Concert venue bathrooms are a lot like crème brûlée. Stay with me here. Crème brûlée, despite all the fuss, is a pretty simple thing. Generally, you don’t go to a restaurant just to partake in it, but it always stands out in your memory after the experience. While every place does it slightly differently, the overall concept is still the same – and kind of gross, in theory. (I recently tried to explain the appeal of burnt pudding to a 7-year-old, and his reaction said it all). But when done well, crème brûlée can be an amazing experience.
Writing about music has brought me to some very cool NYC venues this year. Incidentally, I was also pulled into the strange world of Manhattan bathrooms, where everyone does it differently and candy, incense, and black lights are all fair game. Here’s what my year looked like from the other side of the stage.
Webster Hall, the venue that inspired this whole thing, has the most unique bathroom I have ever seen. The aesthetic is somewhere between Steak & Shake and The Shining, with a black and white checkered floor and bright red, arched stalls. Located next to the bar and right on the GA floor, it’s unisex and spacious, with two open walls that serve as the main doors. This is great from a security standpoint, as it probably prevents a lot of icky venue bathroom antics. Not only that, but there is a big bar full of candy, some super chill incense, and a friendly attendant or two. Not going to lie, when the Wiz Khalifa concert nearly scorched our lungs with weed fumes, this restroom was literally a rest room for our photographer and I.
While most venues would probably be terrified to subject their bathroom to a blacklight, Terminal 5 has nothing to hide. Bathed in that otherworldly blue glow, these bathrooms nod to the dayglo trend and almost flaunt how impeccably clean they are. Like Webster, the Terminal 5 bathrooms are unisex and staffed with nice attendants. There are also free goodies to freshen up with on the way out, like cologne, breath mints, and candies.
With any major event, the security is going to be pretty intense. So when we got our press packets for the Rockefeller Tree Lighting this year, we couldn’t help but giggle at some of the regulations, which made us sound like ferocious little lion cubs (“Media will be located in pre-assigned press pens and not permitted to roam.”). I figured this would be a bit of an inconvenience when it came to bathroom breaks, but it was actually excellent. Rubenstein Communications handled the event beautifully, providing us personal escorts whenever we needed to go somewhere. This is especially helpful if you’re a bit directionally challenged like I am. The winding depths of Rockefeller Center felt so labyrinthine to me that I half expected to find David Bowie down there. The bathrooms were very clean, and massive enough that there was never a line. They were also right next to a Starbucks. Score.
Unfortunately, some of the other venue bathrooms were a little less lovely. We’ll go ahead and rule out any porta-potty experiences, though. With Central Park events like the Global Citizen Festival and SummerStage, the outdoor facilities are just part of the deal, and easily forgiven when you experience the nice New York weather set to music.

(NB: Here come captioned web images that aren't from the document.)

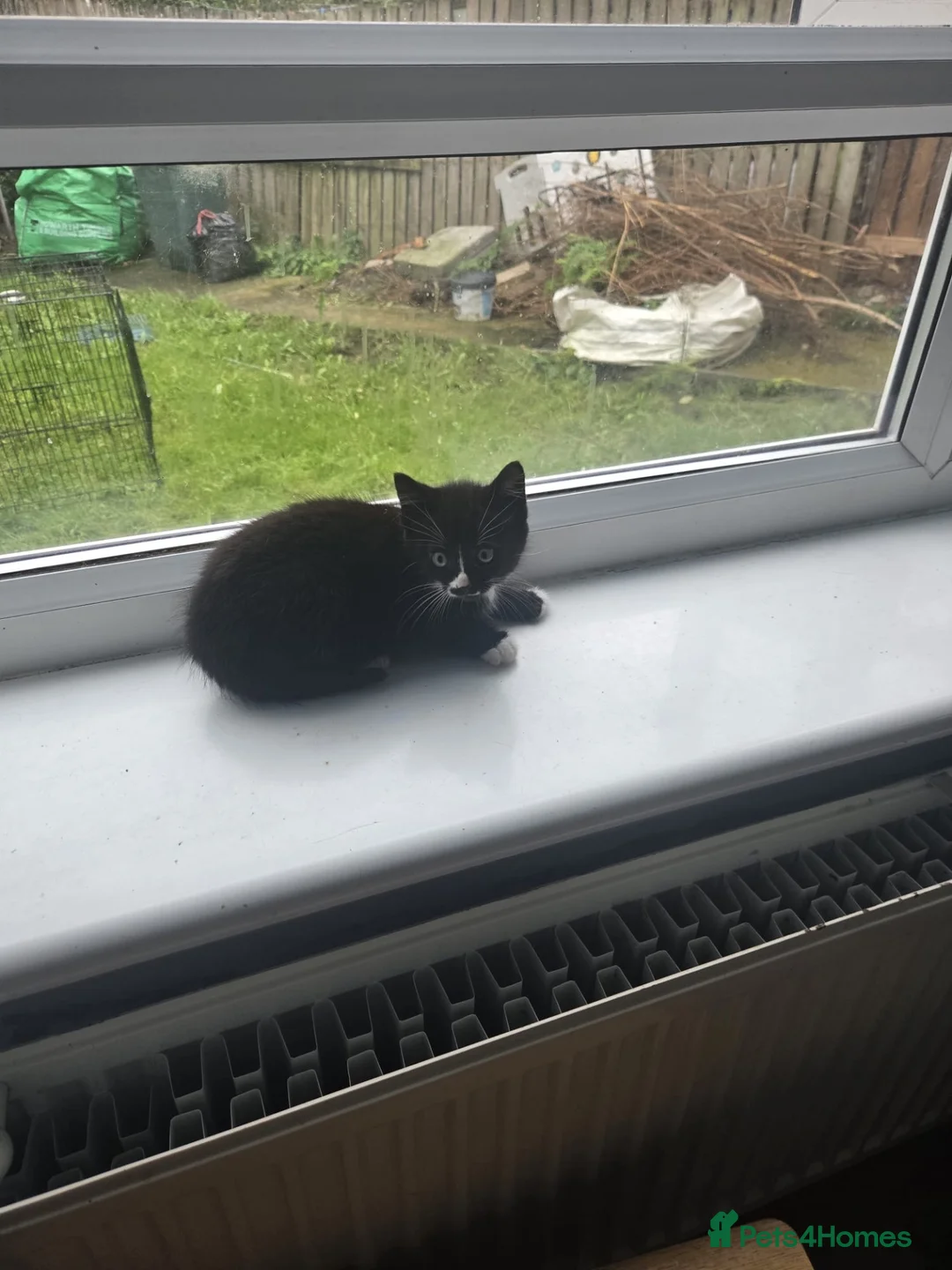 Mixed Breed cats for sale: 3 beautiful kittens for sale in Manchester - Advert 7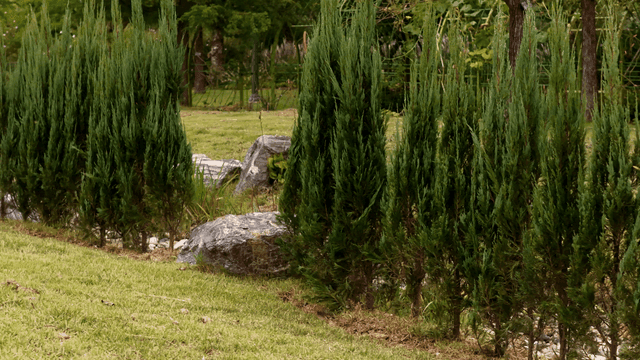 정돈된 침엽수가 줄지어 선 공원 풍경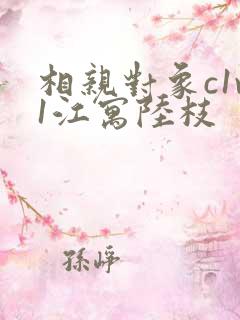 相亲对象c1v1江寓陆枝
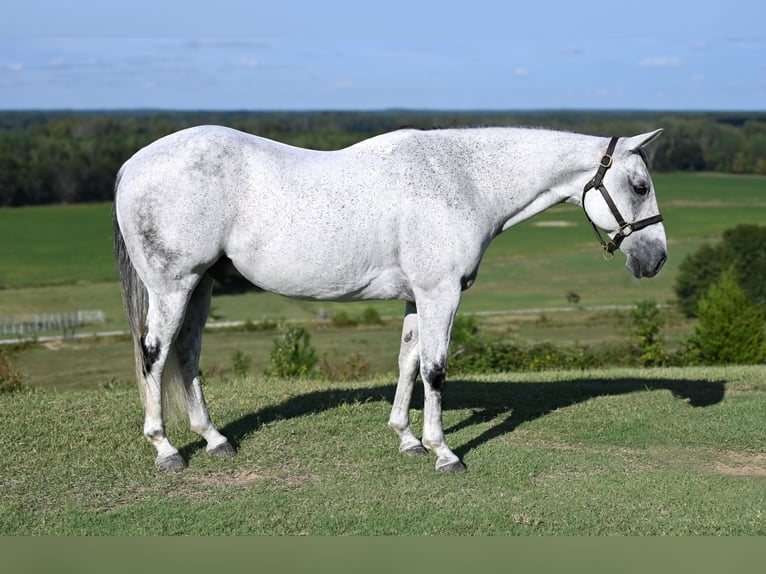 American Quarter Horse Castrone 13 Anni 152 cm Grigio in Baldwyn, MS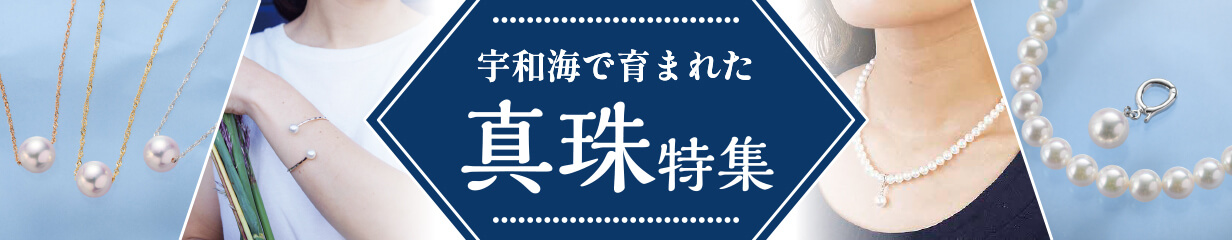 ふるさと納税 愛媛県 宇和島市 パール ネックレス イヤリング セット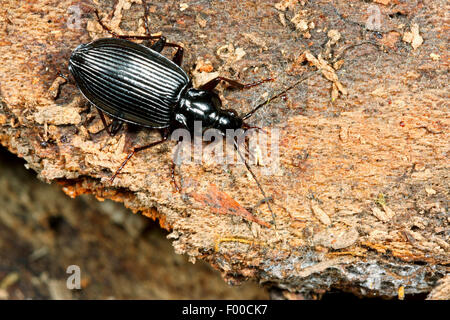 Boden-Käfer (Limodromus Assimilis, Platynus Assimilis), auf Rinde, Deutschland Stockfoto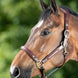 HFI Wave Halster Lederen - Maddelin Equestrian HFI
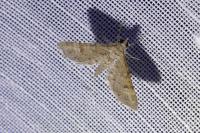 Gymnoscelis rufifasciata
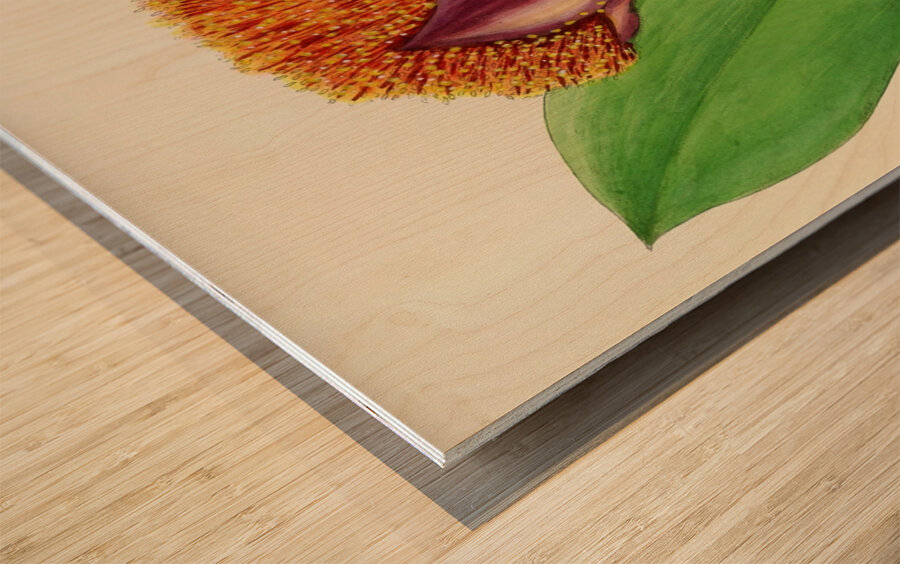 Haemanthus Natalensis Wood print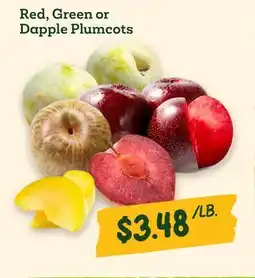 Sprouts Farmers Market Red, Green or Dapple Plumcots offer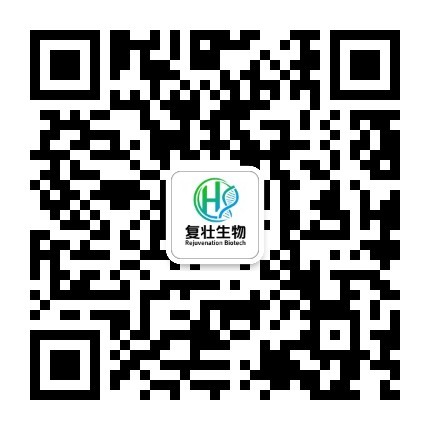 WeChat QR Code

Gramercy Theatre’s bathroom is quite small, which created an interminable line during the Aaron Carter concert. I was amazed to find that someone had been drunk enough to not only bring two beers into the bathroom, but leave them both on the toilet seat. I also remember that a substantial amount of puke had somehow gone unnoticed. Irving Plaza, on the other hand, had very clean bathrooms. Unfortunately, theirs are located downstairs and far from the stage area, which can cause you to lose your spot or miss a song.
The most gorgeous venue I discovered this year was the United Palace Theatre, a gilded, golden, architectural masterpiece situated in Washington Heights. The bathrooms were just as impressive, with a militant team of attendants who could politely push a line through in minutes. It may sound a little brusque, but they know what they’re doing. When it comes down to it, getting back out to the show sooner is probably the best feature a venue bathroom can have.